__WHAT TO WORK ON__. Below are entries. Give back exactly the lines from the one containing "高清.佳能 IXY-5.0 数码相机." through the one containing "Produktbild: ALUFELGE OZ", inclusive, without the pictures.

[Dataset items]
* * * * *
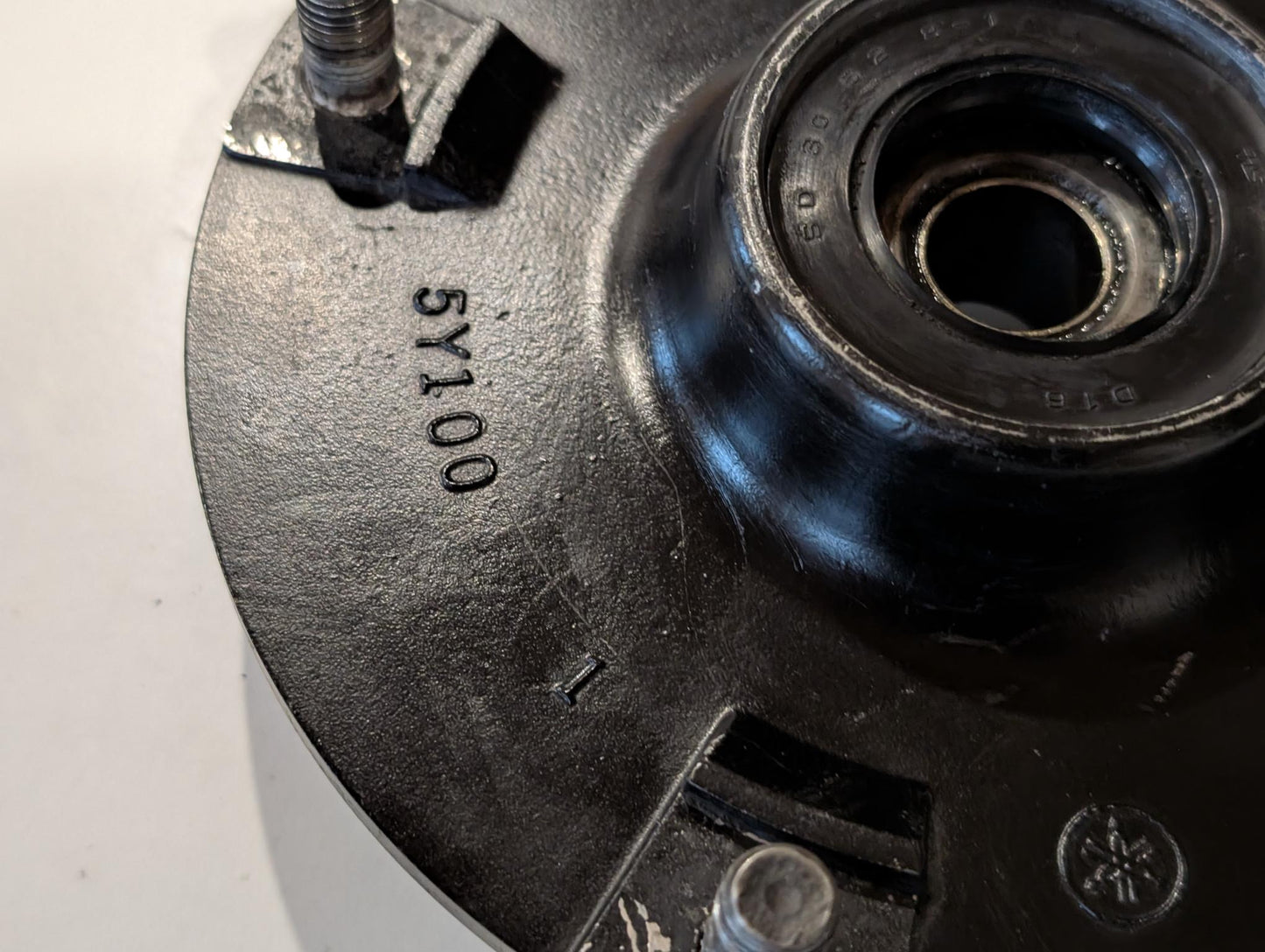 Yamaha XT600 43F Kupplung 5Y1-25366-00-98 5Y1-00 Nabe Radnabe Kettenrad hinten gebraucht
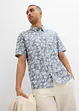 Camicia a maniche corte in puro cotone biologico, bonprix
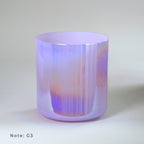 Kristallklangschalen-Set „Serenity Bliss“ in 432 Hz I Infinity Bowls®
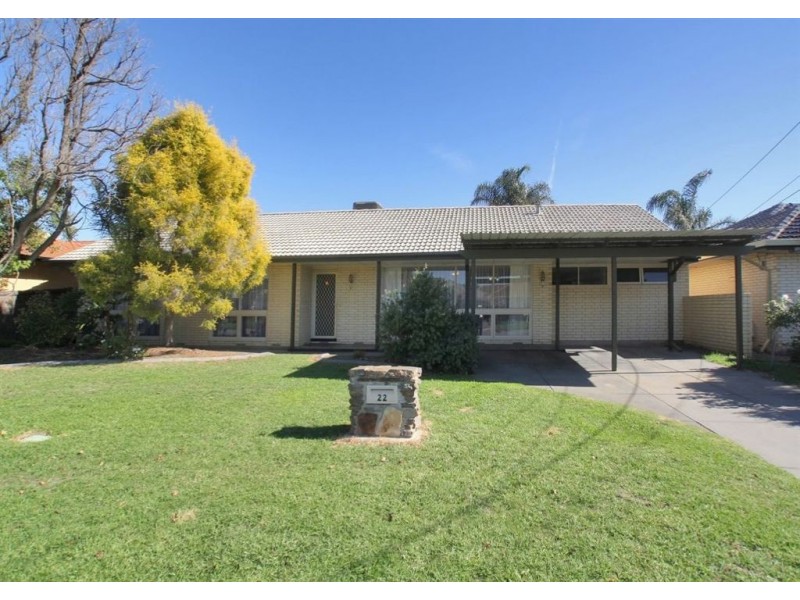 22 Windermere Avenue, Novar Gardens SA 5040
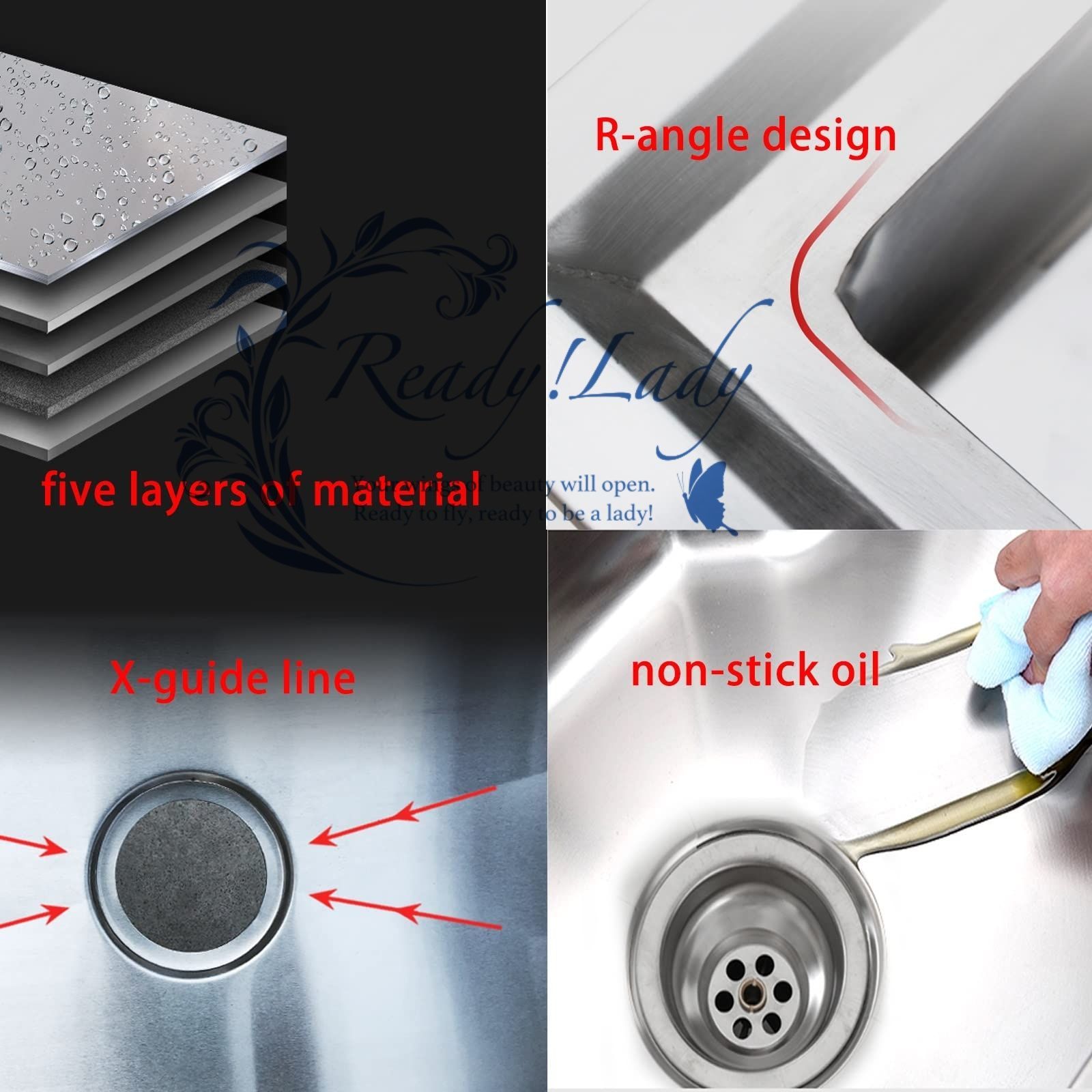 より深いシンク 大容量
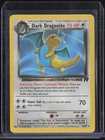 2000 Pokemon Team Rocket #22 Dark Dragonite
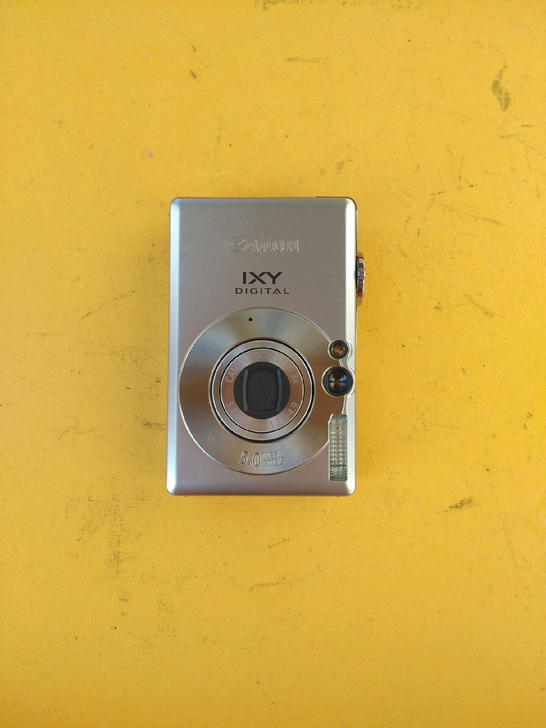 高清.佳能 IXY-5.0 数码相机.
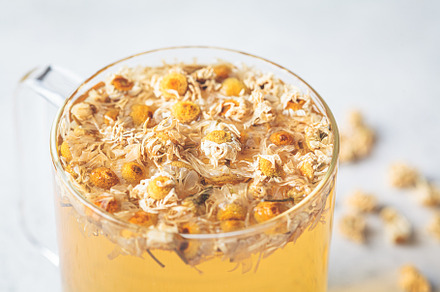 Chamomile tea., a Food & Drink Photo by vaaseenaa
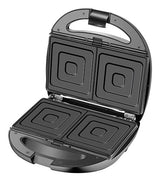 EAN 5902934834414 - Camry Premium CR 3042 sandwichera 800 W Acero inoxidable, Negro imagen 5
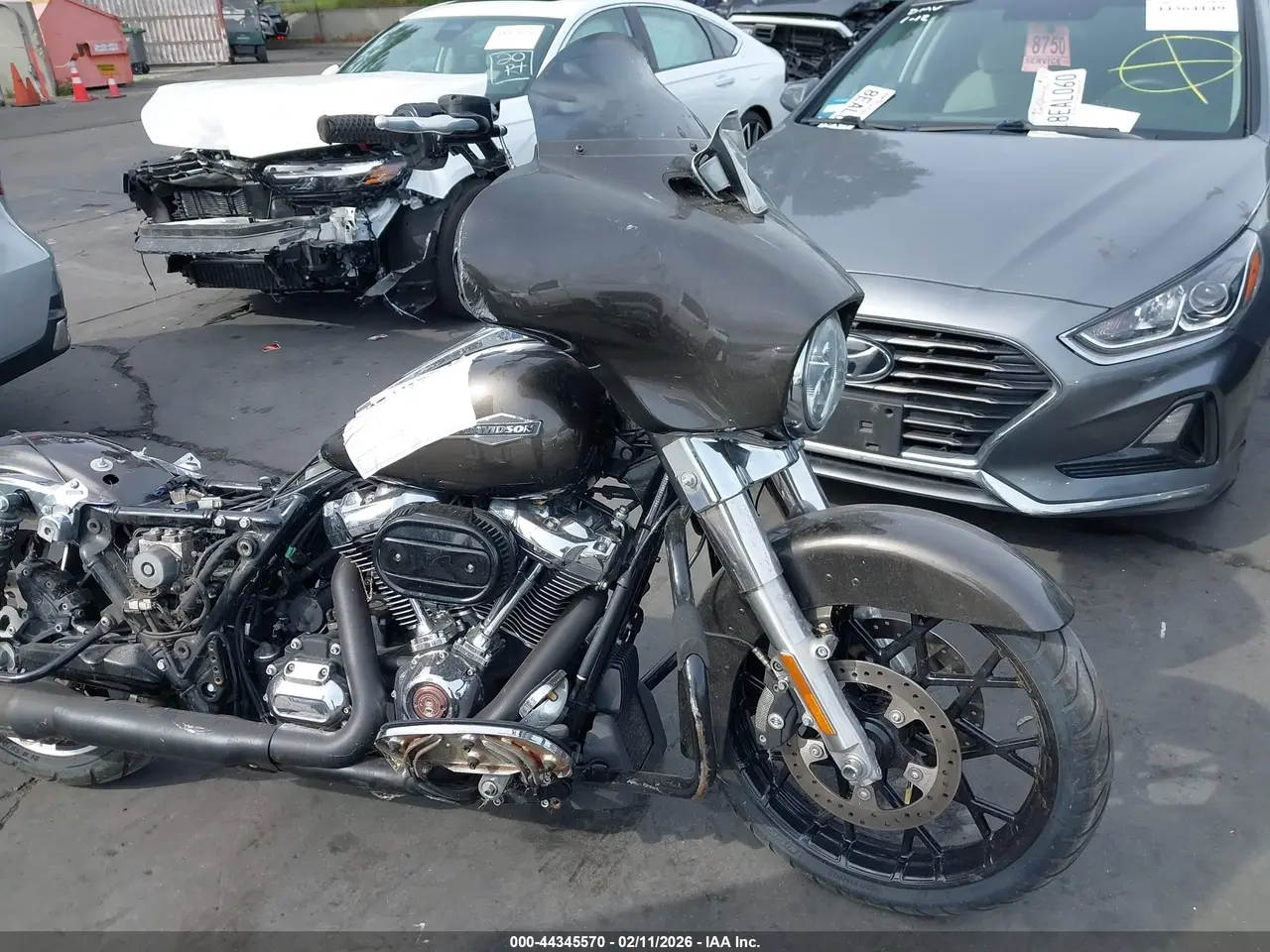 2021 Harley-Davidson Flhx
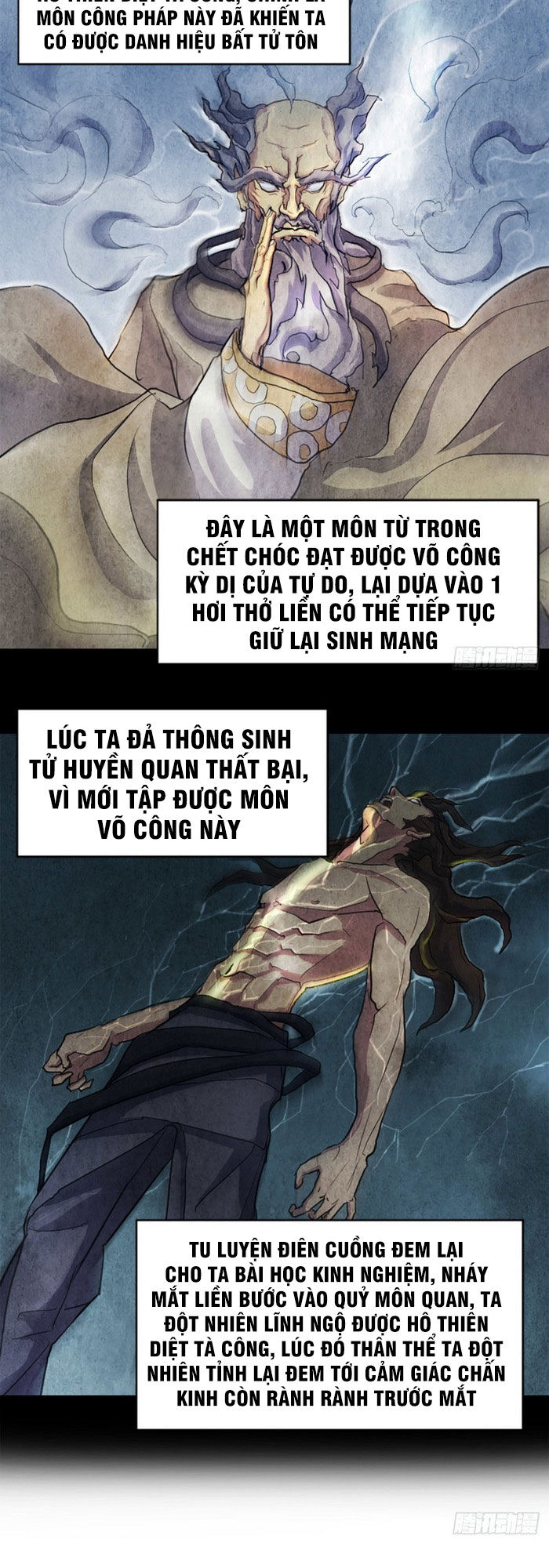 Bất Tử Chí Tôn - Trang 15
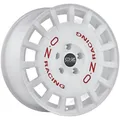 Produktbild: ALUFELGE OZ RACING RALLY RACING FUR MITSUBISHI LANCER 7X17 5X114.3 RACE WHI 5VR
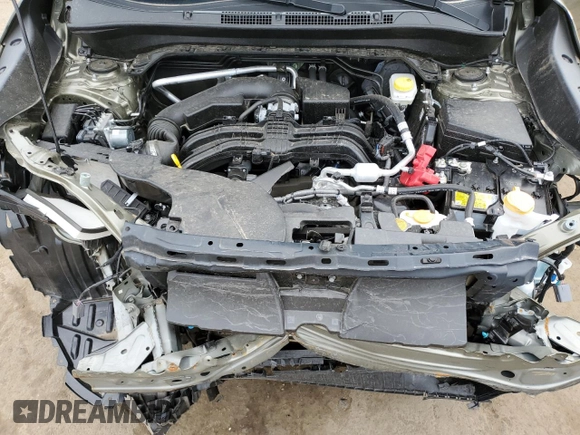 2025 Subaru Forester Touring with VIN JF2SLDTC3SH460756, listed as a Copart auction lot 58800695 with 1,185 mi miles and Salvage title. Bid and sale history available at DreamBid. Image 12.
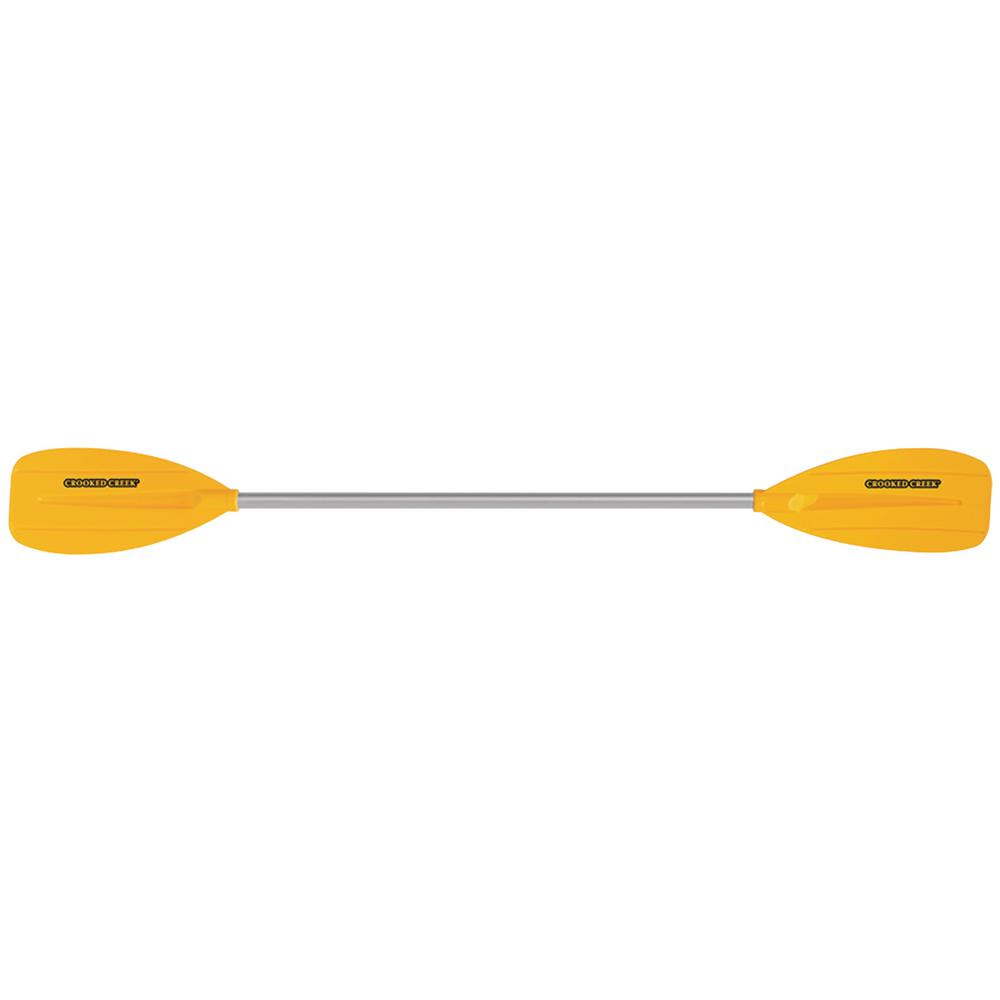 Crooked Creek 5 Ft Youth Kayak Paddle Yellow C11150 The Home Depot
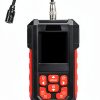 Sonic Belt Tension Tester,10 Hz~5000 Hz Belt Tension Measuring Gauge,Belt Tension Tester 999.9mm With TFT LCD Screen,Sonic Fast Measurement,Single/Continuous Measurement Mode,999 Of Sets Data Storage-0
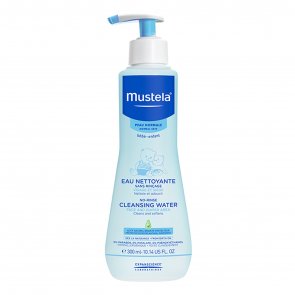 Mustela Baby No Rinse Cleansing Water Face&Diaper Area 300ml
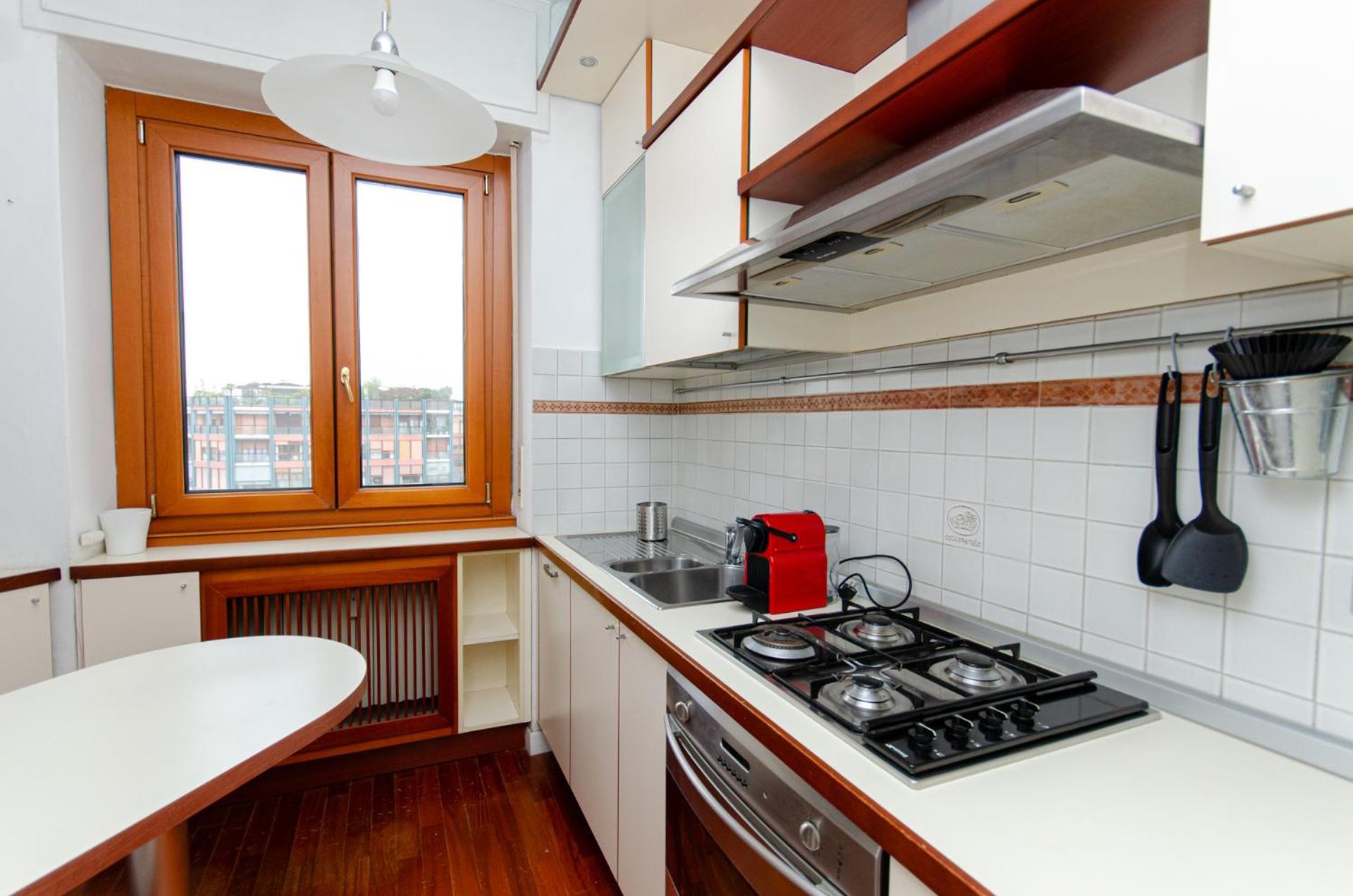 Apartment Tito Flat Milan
* * * * *
__ANSWER TO THE PROBLEM__.
 高清.佳能 IXY-5.0 数码相机.
 Chamomile tea., a Food & Drink Photo by vaaseenaa
 EAN 5902934834414 - Camry Premium CR 3042 sandwichera 800 W Acero inoxidable, Negro imagen 5
 2021 Harley-Davidson Flhx
 Bất Tử Chí Tôn - Trang 15
 Produktbild: ALUFELGE OZ RACING RALLY RACING FUR MITSUBISHI LANCER 7X17 5X114.3 RACE WHI 5VR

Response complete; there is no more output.